On appeal, the taxpayer submitted that s 6D had no application, having regard to the purpose for which it was inserted into the ITAA 1936, namely, to avoid unintended outcomes from the operation of the "tainting" rules following the amendments to the ITAA 1936 and the Corporations Act abolishing the concept of a par value of a share. The Full Federal Court agreed with this submission, stating at para 43 as follows:

"Further, having regard to the wider context and purpose of the 1998 changes to the Corporations Act and the purpose or object of the successive, related amendments which were made to the 1936 Act in 1998 and 1999, the use of the singular in s 6D(1)(a) is no coincidence. That account is merely whichever one in which a company ordinarily keeps its share capital on contribution. In turn, s 6D(1)(b) picks up other accounts created after 30 June 1998 to which the first amount credited was an amount of share capital such as the proceeds of transfers from a share premium account or a capital reserve account the proceeds of which, in light of the 1998 company law changes, were regarded as part of a company’s share capital. Section 6D(2) of the 1936 Act treats each of those accounts as a single account thereby facilitating transfers between them. So construed and as CMH submitted, s 6D avoids unintended adverse 'tainting' consequences. There is no warrant to construe s 6D any more widely than this. The broad construction of the section for which the Commissioner contended is neither supported by construing its text in context and having regard to its evident purpose nor by reference to relevant secondary materials."

The Full Federal Court therefore held that (a) Crown's Shareholders Equity Account was, in terms of s 6D(1)(a) of the ITAA 1936, an account in which Crown kept its share capital; and (b) the Share Buy-Back Reserve Account was neither such an account nor was it an account to which s 6D(1)(b) of the ITAA 1936 applied.

In the alternative, the Full Court said, at para 46 as follows:

"In any event, even if the Share Buy-Back Reserve Account did fall within s 6D(1)(b) and, by virtue of s 6D(2), was taken with the Shareholders Equity Account to be a single account, for s 159GZZZP not to apply so as to deem a dividend to have been paid by Crown the consideration for the shares bought back must be debited against amounts standing to the credit of the share capital account.
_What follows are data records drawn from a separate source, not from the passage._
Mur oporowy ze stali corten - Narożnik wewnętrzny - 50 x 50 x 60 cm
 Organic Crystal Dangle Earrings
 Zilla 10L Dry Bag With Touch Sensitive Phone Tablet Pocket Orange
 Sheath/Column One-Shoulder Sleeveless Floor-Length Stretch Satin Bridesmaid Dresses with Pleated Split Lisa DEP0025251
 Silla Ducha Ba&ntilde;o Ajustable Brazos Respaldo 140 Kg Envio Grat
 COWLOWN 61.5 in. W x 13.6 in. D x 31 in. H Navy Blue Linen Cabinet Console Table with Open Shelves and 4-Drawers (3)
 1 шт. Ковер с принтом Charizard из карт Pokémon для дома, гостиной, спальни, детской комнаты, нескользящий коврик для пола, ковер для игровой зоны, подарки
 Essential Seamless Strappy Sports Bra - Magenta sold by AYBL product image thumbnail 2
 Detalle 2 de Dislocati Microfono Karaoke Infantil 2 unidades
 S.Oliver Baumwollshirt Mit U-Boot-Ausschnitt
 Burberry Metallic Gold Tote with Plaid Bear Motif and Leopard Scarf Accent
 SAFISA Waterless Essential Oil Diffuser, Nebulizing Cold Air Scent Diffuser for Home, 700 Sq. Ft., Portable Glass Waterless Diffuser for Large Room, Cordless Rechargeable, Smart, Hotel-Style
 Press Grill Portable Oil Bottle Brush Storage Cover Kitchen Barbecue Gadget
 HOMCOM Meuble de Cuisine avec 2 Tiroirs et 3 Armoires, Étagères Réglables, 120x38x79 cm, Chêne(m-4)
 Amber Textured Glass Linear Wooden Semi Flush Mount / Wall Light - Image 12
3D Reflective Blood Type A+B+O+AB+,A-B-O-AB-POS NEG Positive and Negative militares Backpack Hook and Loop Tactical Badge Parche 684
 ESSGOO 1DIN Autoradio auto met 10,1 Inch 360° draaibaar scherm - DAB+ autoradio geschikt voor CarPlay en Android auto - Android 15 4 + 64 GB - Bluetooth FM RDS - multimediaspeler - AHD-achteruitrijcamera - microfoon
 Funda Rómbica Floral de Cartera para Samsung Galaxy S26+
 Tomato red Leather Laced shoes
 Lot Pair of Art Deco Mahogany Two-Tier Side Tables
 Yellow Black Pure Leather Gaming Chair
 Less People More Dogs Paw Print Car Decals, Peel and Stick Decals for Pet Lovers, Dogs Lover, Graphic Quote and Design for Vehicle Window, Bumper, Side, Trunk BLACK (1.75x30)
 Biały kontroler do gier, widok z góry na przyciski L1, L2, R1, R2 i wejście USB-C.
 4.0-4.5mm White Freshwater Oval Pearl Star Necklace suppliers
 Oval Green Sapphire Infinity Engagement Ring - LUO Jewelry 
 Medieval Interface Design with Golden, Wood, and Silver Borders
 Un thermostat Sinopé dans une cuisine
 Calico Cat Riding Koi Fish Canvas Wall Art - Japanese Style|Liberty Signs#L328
Section 6D(2) creates but one statutory fiction, not two. It deems multiple accounts to be a single account. It does not deem the act of debiting against one account to have occurred against an amount standing to the credit of another account. One does not extend by implication a statutory fiction when so to do would, as here, be subversive of the object of the 1998 amendment to s 159GZZZP and not in any way further the evident object of the 1999 amendment which introduced s 6D...Here, there was a debit entry in Crown’s Share Buy-Back Reserve Account. There was also a credit balance in Crown’s Shareholders Equity Account. That debit was never, in terms of s 159GZZZP(1)(b) of the 1936 Act, applied against that credit balance. It follows it ought to have been concluded that no part of the purchase price in respect of this off-market buy-back was debited against amounts standing to the credit of Crown’s share capital account and that the purchase price is, by virtue of s 159GZZZP, taken to be a dividend paid by Crown to CMH out of profits derived by Crown."

The taxpayer's appeal was upheld: Consolidated Media Holdings Ltd v FCT [2012] FCAFC 36 (Full Federal Court; Stone, Greenwood and Logan JJ; 20 March 2012).